Howard Hinnant:
Just to be clear, I'm extremely well positioned to know that vendors are not evil, and are not adversaries.
For the record, I applied "non-evil" to the runtime checks done in a release build, not to a vendor. :-)
They are people, just like you and me. And when the standard gives them choices, they must make them. They try to make them in such a way as to please most of their customers. Sometimes they choose correctly, and sometimes they do not (as a vendor I admit to having chosen incorrectly sometimes). No vendor that I'm aware of is immune to making incorrect choices.
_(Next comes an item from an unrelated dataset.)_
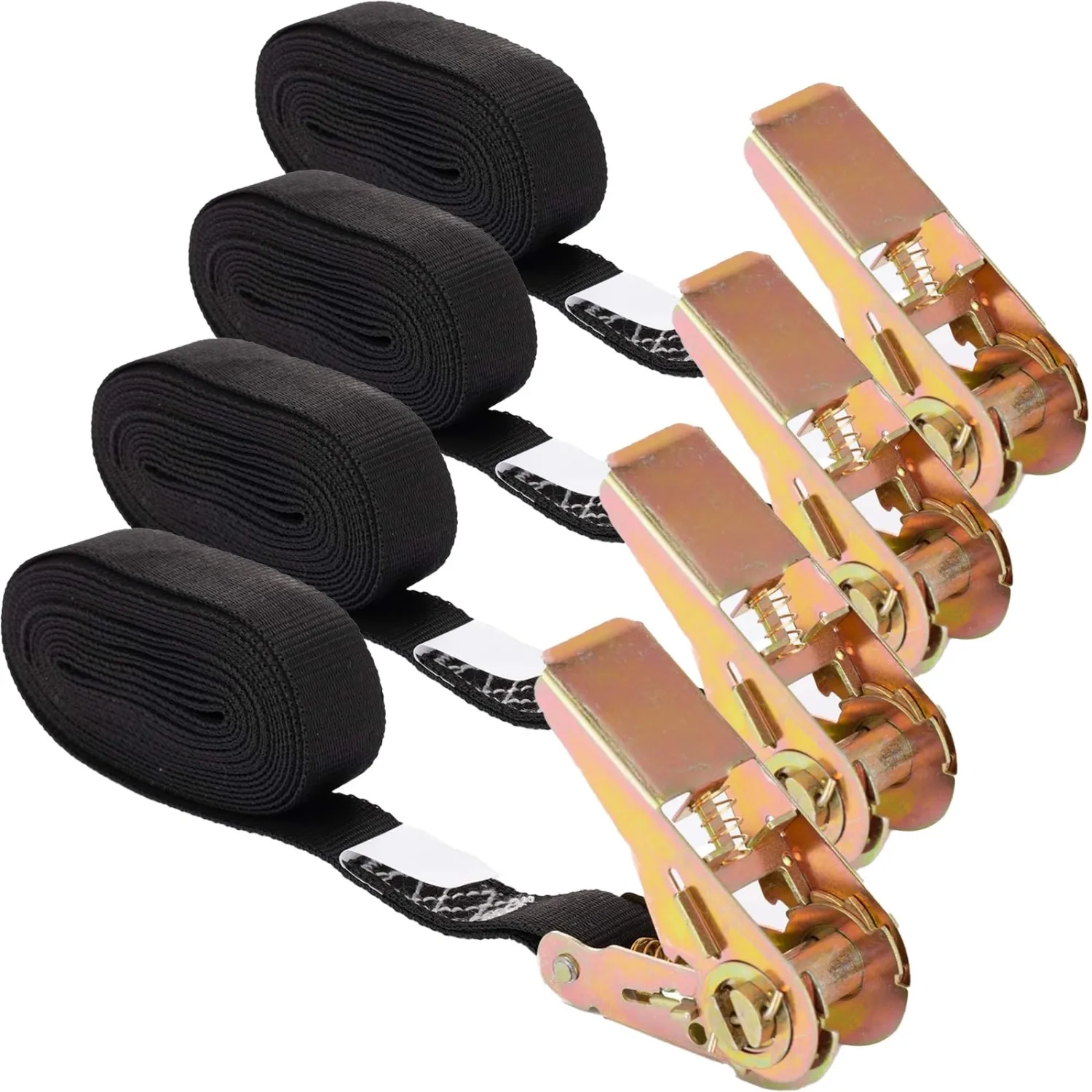 4Pcs Small Ratchet Strap 1/2/4/6/8m Endless Ratchet Tie Down Straps NO Hook Nylon Black Tie Down Straps for Motorcycles Kayak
I accept that. So what's the problem? Vendor A ignores the mutex argument, his users complain, so he finds a way to add checking that doesn't increase sizeof(condition) and doesn't compromise performance for the rest of the user base. Vendor B stores the mutex pointer in std::condition, his users complain, he waits for the next ABI breakage and finds a way to achieve comparable checking quality and efficiency without increasing sizeof(condition). Everyone is happy. ...
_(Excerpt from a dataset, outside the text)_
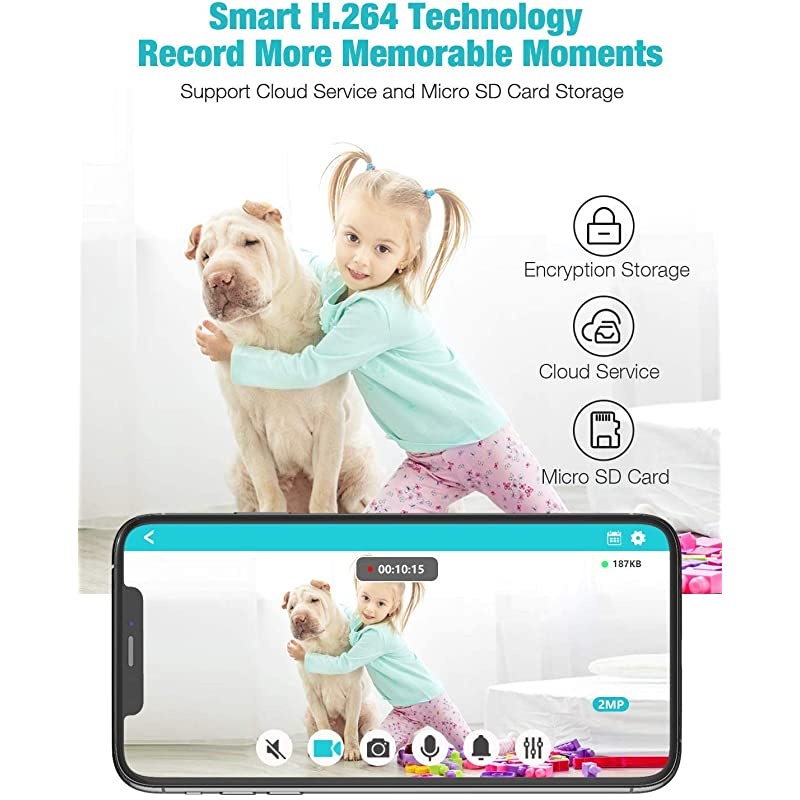 Wireless Security Camera  1080P Wireless Camera with Sound Motion Detection IR Night Vision Home Camera with 2 Way Audio 8X Zoom WiFi Camera Cloud Service Compatible with Alexa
I don't know any more than you do, so my "forward looking" is no more or less valid than yours. But I strongly believe that it would be careless of us to be careless with sizeof(std::condition).
I'm not being careless with sizeof(condition). I already demonstrated two ways to achieve checking without storing the pointer into the condition itself, and hinted at another possibility (exploiting an unused void* in pthread_cond_t). I also questioned your assertion that increasing sizeof(condition) from 28 to 32 is of practical importance.